Exercise brief
Print exactly the lines that run from the opening line of the material through the line with "Page 2 of 4", and nothing else, leaving out pictures.

Supplied information

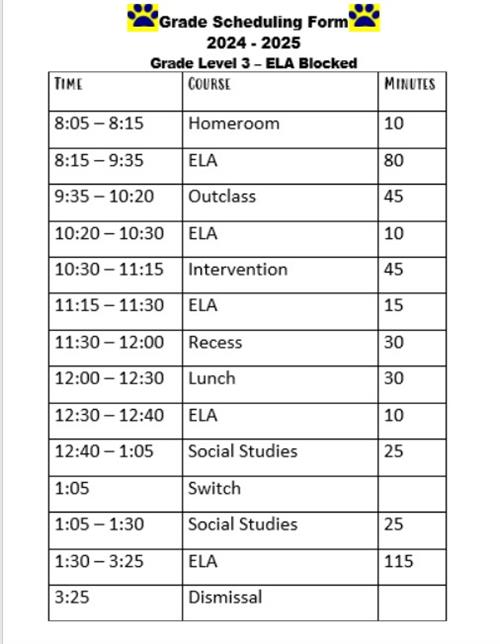 Class Schedule 24-25 ELA
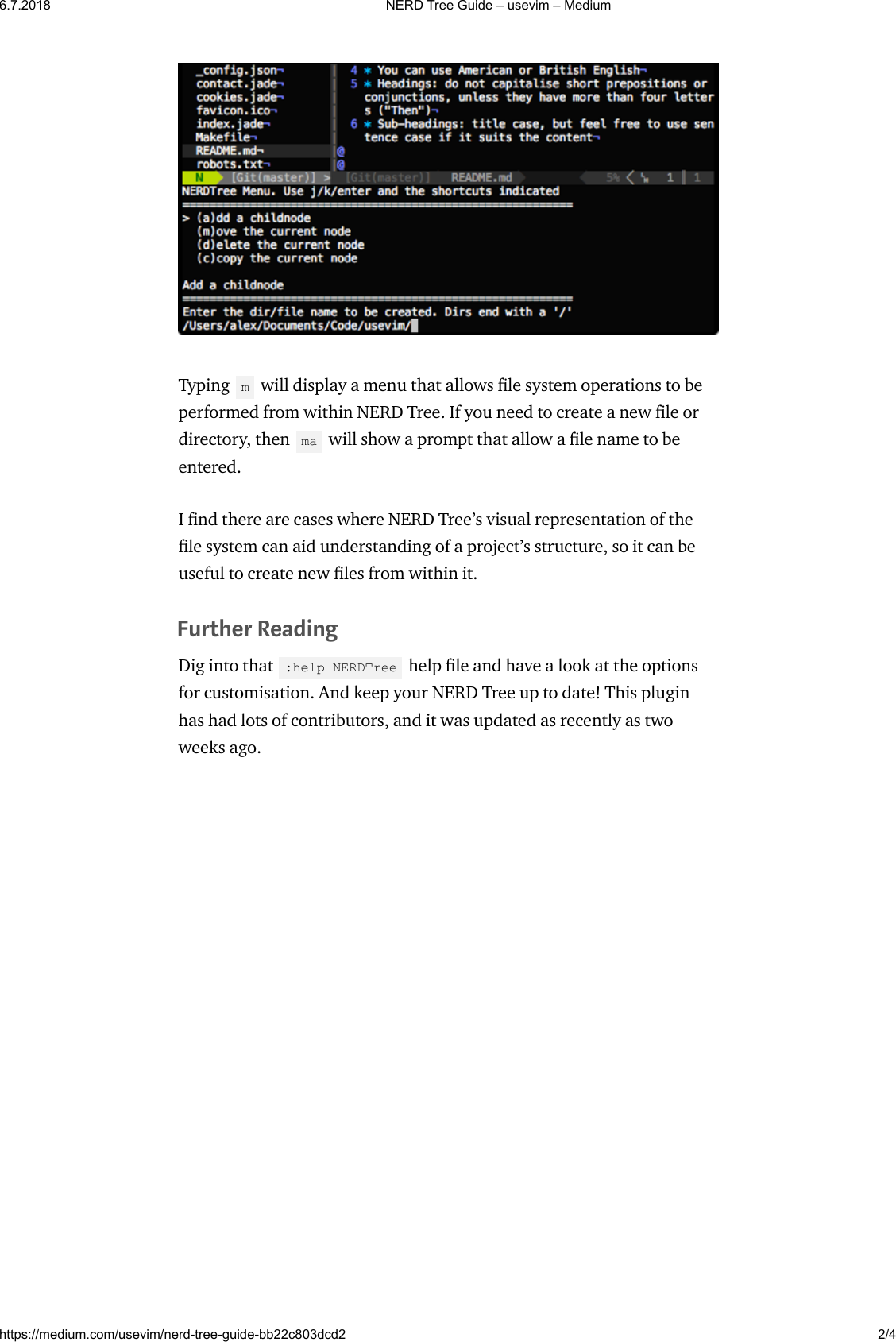 Page 2 of 4 - NERD Tree Guide – Usevim Medium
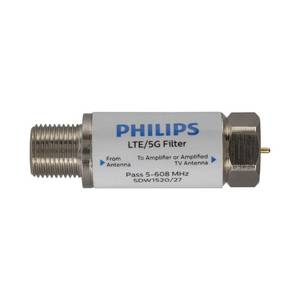 lot 57156 image: Philips LTE Filter for TV Antenna, Filters 4G 5G LTE Signal to Reduce Interference and Pixilation for Clear Digital HD TV Reception, Frequency Range 5-608 MHz, Indoor Outdoor Installation, SDW152027 - Retail $10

Solution to this problem
 Class Schedule 24-25 ELA
 Page 2 of 4 - NERD Tree Guide – Usevim Medium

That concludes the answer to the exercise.